[Start of Attachment]

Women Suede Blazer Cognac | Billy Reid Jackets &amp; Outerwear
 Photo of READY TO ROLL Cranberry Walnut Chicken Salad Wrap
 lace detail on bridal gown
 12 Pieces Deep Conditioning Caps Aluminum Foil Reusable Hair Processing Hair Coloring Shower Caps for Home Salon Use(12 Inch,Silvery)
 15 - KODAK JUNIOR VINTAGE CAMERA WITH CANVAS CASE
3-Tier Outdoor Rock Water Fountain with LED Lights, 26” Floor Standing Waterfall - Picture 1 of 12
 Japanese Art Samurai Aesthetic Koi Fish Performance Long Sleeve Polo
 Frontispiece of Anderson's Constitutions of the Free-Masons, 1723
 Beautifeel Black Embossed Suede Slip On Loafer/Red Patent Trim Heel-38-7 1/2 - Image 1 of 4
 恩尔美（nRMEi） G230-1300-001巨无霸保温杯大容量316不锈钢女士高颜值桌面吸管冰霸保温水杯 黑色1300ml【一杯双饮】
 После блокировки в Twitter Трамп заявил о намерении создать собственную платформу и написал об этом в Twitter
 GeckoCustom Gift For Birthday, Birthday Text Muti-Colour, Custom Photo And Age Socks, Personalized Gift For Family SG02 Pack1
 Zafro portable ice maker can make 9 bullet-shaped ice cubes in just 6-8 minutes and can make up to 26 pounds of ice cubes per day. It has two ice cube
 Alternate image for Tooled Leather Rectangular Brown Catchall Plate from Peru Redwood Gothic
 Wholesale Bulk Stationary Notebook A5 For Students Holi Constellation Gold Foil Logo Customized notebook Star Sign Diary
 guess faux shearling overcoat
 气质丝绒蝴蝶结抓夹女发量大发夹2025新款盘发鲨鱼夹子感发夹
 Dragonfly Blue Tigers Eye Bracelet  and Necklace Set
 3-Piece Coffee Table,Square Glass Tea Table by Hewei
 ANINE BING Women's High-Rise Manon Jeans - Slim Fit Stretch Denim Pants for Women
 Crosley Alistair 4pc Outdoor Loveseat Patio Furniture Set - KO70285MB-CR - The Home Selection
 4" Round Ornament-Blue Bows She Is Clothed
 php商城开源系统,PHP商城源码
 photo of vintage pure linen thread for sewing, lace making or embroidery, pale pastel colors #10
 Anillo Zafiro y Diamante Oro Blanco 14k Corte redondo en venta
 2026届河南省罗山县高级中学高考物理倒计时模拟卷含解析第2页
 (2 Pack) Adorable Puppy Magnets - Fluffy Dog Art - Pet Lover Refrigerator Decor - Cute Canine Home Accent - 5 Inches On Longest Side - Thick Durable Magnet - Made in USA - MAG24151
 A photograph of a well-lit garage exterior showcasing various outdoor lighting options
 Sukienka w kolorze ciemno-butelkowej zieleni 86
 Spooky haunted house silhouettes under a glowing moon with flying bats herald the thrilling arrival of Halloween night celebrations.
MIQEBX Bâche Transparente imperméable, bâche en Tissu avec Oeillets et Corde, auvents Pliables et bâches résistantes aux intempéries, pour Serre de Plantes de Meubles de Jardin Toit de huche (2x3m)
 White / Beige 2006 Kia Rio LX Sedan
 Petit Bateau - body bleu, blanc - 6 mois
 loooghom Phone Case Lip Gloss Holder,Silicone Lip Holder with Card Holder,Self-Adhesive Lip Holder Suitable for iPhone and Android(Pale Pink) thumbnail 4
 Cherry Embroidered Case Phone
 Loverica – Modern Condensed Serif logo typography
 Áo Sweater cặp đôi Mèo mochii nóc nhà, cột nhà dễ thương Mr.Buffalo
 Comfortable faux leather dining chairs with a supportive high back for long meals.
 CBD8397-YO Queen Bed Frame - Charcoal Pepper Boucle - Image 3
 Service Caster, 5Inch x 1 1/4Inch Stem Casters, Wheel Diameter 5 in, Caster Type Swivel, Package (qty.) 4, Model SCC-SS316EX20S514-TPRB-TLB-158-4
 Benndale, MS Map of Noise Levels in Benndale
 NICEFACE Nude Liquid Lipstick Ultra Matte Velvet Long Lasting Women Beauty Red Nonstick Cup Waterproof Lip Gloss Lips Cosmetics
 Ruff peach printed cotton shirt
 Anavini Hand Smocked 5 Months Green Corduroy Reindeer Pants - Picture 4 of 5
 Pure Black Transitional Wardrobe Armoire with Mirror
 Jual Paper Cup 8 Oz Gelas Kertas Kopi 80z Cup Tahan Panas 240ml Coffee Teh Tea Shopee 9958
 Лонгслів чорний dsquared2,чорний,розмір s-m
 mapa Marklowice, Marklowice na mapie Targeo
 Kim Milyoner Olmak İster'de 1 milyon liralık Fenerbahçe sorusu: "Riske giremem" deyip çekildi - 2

[End of Attachment]

EXERCISE → Restate all of the entries above precisely.

RESPONSE TO THIS TASK →
Women Suede Blazer Cognac | Billy Reid Jackets &amp; Outerwear
 Photo of READY TO ROLL Cranberry Walnut Chicken Salad Wrap
 lace detail on bridal gown
 12 Pieces Deep Conditioning Caps Aluminum Foil Reusable Hair Processing Hair Coloring Shower Caps for Home Salon Use(12 Inch,Silvery)
 15 - KODAK JUNIOR VINTAGE CAMERA WITH CANVAS CASE
3-Tier Outdoor Rock Water Fountain with LED Lights, 26” Floor Standing Waterfall - Picture 1 of 12
 Japanese Art Samurai Aesthetic Koi Fish Performance Long Sleeve Polo
 Frontispiece of Anderson's Constitutions of the Free-Masons, 1723
 Beautifeel Black Embossed Suede Slip On Loafer/Red Patent Trim Heel-38-7 1/2 - Image 1 of 4
 恩尔美（nRMEi） G230-1300-001巨无霸保温杯大容量316不锈钢女士高颜值桌面吸管冰霸保温水杯 黑色1300ml【一杯双饮】
 После блокировки в Twitter Трамп заявил о намерении создать собственную платформу и написал об этом в Twitter
 GeckoCustom Gift For Birthday, Birthday Text Muti-Colour, Custom Photo And Age Socks, Personalized Gift For Family SG02 Pack1
 Zafro portable ice maker can make 9 bullet-shaped ice cubes in just 6-8 minutes and can make up to 26 pounds of ice cubes per day. It has two ice cube
 Alternate image for Tooled Leather Rectangular Brown Catchall Plate from Peru Redwood Gothic
 Wholesale Bulk Stationary Notebook A5 For Students Holi Constellation Gold Foil Logo Customized notebook Star Sign Diary
 guess faux shearling overcoat
 气质丝绒蝴蝶结抓夹女发量大发夹2025新款盘发鲨鱼夹子感发夹
 Dragonfly Blue Tigers Eye Bracelet  and Necklace Set
 3-Piece Coffee Table,Square Glass Tea Table by Hewei
 ANINE BING Women's High-Rise Manon Jeans - Slim Fit Stretch Denim Pants for Women
 Crosley Alistair 4pc Outdoor Loveseat Patio Furniture Set - KO70285MB-CR - The Home Selection
 4" Round Ornament-Blue Bows She Is Clothed
 php商城开源系统,PHP商城源码
 photo of vintage pure linen thread for sewing, lace making or embroidery, pale pastel colors #10
 Anillo Zafiro y Diamante Oro Blanco 14k Corte redondo en venta
 2026届河南省罗山县高级中学高考物理倒计时模拟卷含解析第2页
 (2 Pack) Adorable Puppy Magnets - Fluffy Dog Art - Pet Lover Refrigerator Decor - Cute Canine Home Accent - 5 Inches On Longest Side - Thick Durable Magnet - Made in USA - MAG24151
 A photograph of a well-lit garage exterior showcasing various outdoor lighting options
 Sukienka w kolorze ciemno-butelkowej zieleni 86
 Spooky haunted house silhouettes under a glowing moon with flying bats herald the thrilling arrival of Halloween night celebrations.
MIQEBX Bâche Transparente imperméable, bâche en Tissu avec Oeillets et Corde, auvents Pliables et bâches résistantes aux intempéries, pour Serre de Plantes de Meubles de Jardin Toit de huche (2x3m)
 White / Beige 2006 Kia Rio LX Sedan
 Petit Bateau - body bleu, blanc - 6 mois
 loooghom Phone Case Lip Gloss Holder,Silicone Lip Holder with Card Holder,Self-Adhesive Lip Holder Suitable for iPhone and Android(Pale Pink) thumbnail 4
 Cherry Embroidered Case Phone
 Loverica – Modern Condensed Serif logo typography
 Áo Sweater cặp đôi Mèo mochii nóc nhà, cột nhà dễ thương Mr.Buffalo
 Comfortable faux leather dining chairs with a supportive high back for long meals.
 CBD8397-YO Queen Bed Frame - Charcoal Pepper Boucle - Image 3
 Service Caster, 5Inch x 1 1/4Inch Stem Casters, Wheel Diameter 5 in, Caster Type Swivel, Package (qty.) 4, Model SCC-SS316EX20S514-TPRB-TLB-158-4
 Benndale, MS Map of Noise Levels in Benndale
 NICEFACE Nude Liquid Lipstick Ultra Matte Velvet Long Lasting Women Beauty Red Nonstick Cup Waterproof Lip Gloss Lips Cosmetics
 Ruff peach printed cotton shirt
 Anavini Hand Smocked 5 Months Green Corduroy Reindeer Pants - Picture 4 of 5
 Pure Black Transitional Wardrobe Armoire with Mirror
 Jual Paper Cup 8 Oz Gelas Kertas Kopi 80z Cup Tahan Panas 240ml Coffee Teh Tea Shopee 9958
 Лонгслів чорний dsquared2,чорний,розмір s-m
 mapa Marklowice, Marklowice na mapie Targeo
 Kim Milyoner Olmak İster'de 1 milyon liralık Fenerbahçe sorusu: "Riske giremem" deyip çekildi - 2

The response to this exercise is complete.